• What the task asks: Set down each entry below exactly as it stands.

• Extracted data:
━━━━━━━━━━━━━━━━
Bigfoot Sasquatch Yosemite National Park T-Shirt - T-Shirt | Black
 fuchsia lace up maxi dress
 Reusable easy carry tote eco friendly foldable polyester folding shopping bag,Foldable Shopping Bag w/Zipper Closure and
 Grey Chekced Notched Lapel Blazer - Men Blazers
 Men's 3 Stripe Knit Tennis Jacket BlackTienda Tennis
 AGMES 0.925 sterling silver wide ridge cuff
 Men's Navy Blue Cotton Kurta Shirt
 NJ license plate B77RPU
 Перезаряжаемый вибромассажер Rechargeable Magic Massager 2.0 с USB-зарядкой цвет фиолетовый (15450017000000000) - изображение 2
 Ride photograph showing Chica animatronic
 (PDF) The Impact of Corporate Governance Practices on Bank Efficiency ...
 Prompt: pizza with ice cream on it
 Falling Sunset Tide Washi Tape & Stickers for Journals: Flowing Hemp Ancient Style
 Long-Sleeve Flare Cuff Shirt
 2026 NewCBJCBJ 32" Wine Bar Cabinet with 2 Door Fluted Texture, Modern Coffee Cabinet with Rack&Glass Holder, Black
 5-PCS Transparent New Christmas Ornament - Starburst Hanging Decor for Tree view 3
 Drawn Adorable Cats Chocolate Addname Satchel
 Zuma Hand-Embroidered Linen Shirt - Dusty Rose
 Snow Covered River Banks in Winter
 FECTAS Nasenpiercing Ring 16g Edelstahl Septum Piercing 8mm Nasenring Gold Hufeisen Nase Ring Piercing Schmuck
━━━━━━━━━━━━━━━━
• Solution to the exercise:
Bigfoot Sasquatch Yosemite National Park T-Shirt - T-Shirt | Black
 fuchsia lace up maxi dress
 Reusable easy carry tote eco friendly foldable polyester folding shopping bag,Foldable Shopping Bag w/Zipper Closure and
 Grey Chekced Notched Lapel Blazer - Men Blazers
 Men's 3 Stripe Knit Tennis Jacket BlackTienda Tennis
 AGMES 0.925 sterling silver wide ridge cuff
 Men's Navy Blue Cotton Kurta Shirt
 NJ license plate B77RPU
 Перезаряжаемый вибромассажер Rechargeable Magic Massager 2.0 с USB-зарядкой цвет фиолетовый (15450017000000000) - изображение 2
 Ride photograph showing Chica animatronic
 (PDF) The Impact of Corporate Governance Practices on Bank Efficiency ...
 Prompt: pizza with ice cream on it
 Falling Sunset Tide Washi Tape & Stickers for Journals: Flowing Hemp Ancient Style
 Long-Sleeve Flare Cuff Shirt
 2026 NewCBJCBJ 32" Wine Bar Cabinet with 2 Door Fluted Texture, Modern Coffee Cabinet with Rack&Glass Holder, Black
 5-PCS Transparent New Christmas Ornament - Starburst Hanging Decor for Tree view 3
 Drawn Adorable Cats Chocolate Addname Satchel
 Zuma Hand-Embroidered Linen Shirt - Dusty Rose
 Snow Covered River Banks in Winter
 FECTAS Nasenpiercing Ring 16g Edelstahl Septum Piercing 8mm Nasenring Gold Hufeisen Nase Ring Piercing Schmuck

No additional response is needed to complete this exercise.